I recall one time, one of my former colleagues in Government was super cautious in releasing information that even her staff inherited her ultra conservative ways.  At first, it was understandable since the transactions were so large that any careless move could have adverse impact on what is being undertaken.  As part of the rules,  her office technical  staff would have to see to it that press releases are limited to some general information, memos and letters have to be kept after use, drafts have to be properly disposed of to keep away from the wandering eyes of media people and other outside parties who may have vested interests on the subject.  But at the end of the day, the said process was becoming amusing and at times bothersome and irritating to some staff as draft reports ended up being rehashed (e.g. some data are being deleted, etc.) and the staff themselves couldn't even access anymore some vital information for their use.  This is true and it happened! And this could also be true in both private and public arenas, whether in developing and developed economies!
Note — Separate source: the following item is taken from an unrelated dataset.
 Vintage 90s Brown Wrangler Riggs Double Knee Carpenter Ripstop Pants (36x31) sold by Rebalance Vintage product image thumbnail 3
I do recognize the merits of the OGP's proposed programs and policies but whether Governments can make use of it to the fullest and soonest, the fact remains to be seen. As mentioned in my previous blog posts, there is always hope and a cure for some sicknesses (e.g. corruption, etc.) in Governments and it only takes a change of attitudes and values of the people in the workplace even if the said sickness is already embedded in the system, in their minds and hearts. This  OGP initiative could help but there are no assurances, we can only hope for the best!

I just hope that this initiative is not undertaken and supported to obtain “handsome” points for political gains or for some other selfish ulterior motives. I hope too that the heads of other Governments will follow suit for the sake of better Global Government!
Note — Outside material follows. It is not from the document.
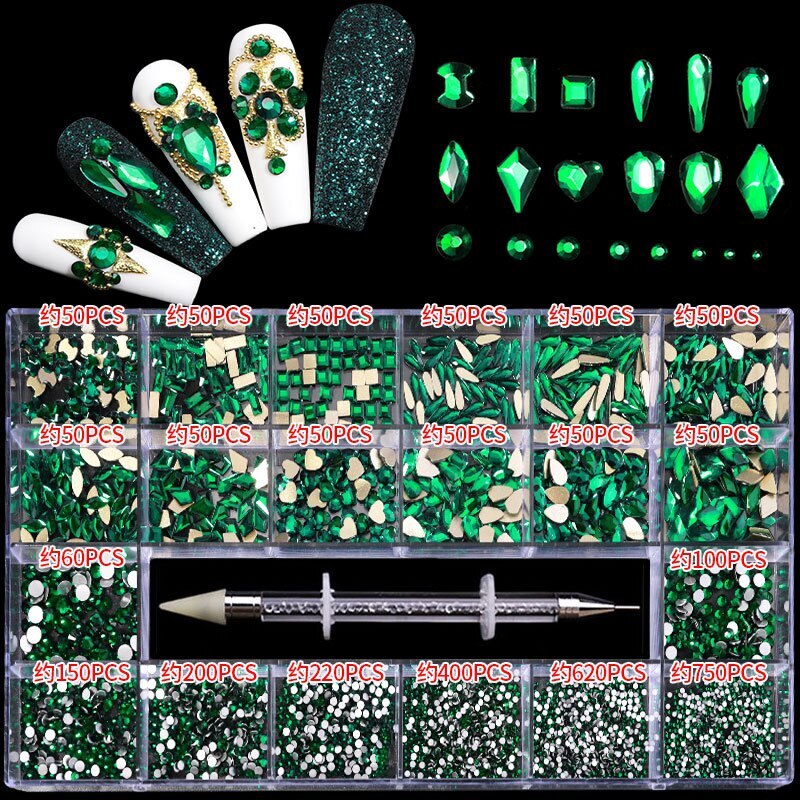 Nail Art Rhinestones Kit 3D Alloy Gems Crystal Nail Art Decorations Diamonds DIY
Guys,  come on join me, let's challenge our respective Governments to participate in this  endeavor!

On a lighter note, it would be interesting to know which of these countries shall submit a formal letter of intent to participate in this OGP initiative at its next summit in Brazil next year.  Any guess/guesses ???  

4 thoughts on “Governments Opening Doors To The World: How open is “Open Government Partnership””

  1. Informative post and valid issues raised. You see, it is better to have this kind of initiative, as a first step, from our Governments than doing nothing at all.

    By the way, your site’s good.

  2. It seems okay to have this OGP initiative that aims to promote transparency, accountability and even encurage citizen involvement. So this is simply a way of fostering accountability  between a government and its people. On one hand, (perhaps), my country's participation to this OGP may be viewed as a positive response  of our leader's commitment  to honest and effective governance.
    On the other hand, I feel quite apprehensive on  what benefits it would bring  anyway on this so called "Open governance" . Corruption in my country has always been endemic, it has already been known way way back and has been public knowledged. I am not sure if this OGP thing can change that. 

  3. our company has a culture where social responsibility is taken into account. we have projects globally where we partner with government agencies and local communities to expand access to our products and services. the governments have been open in their dealings with us and so far it was by far a good deal.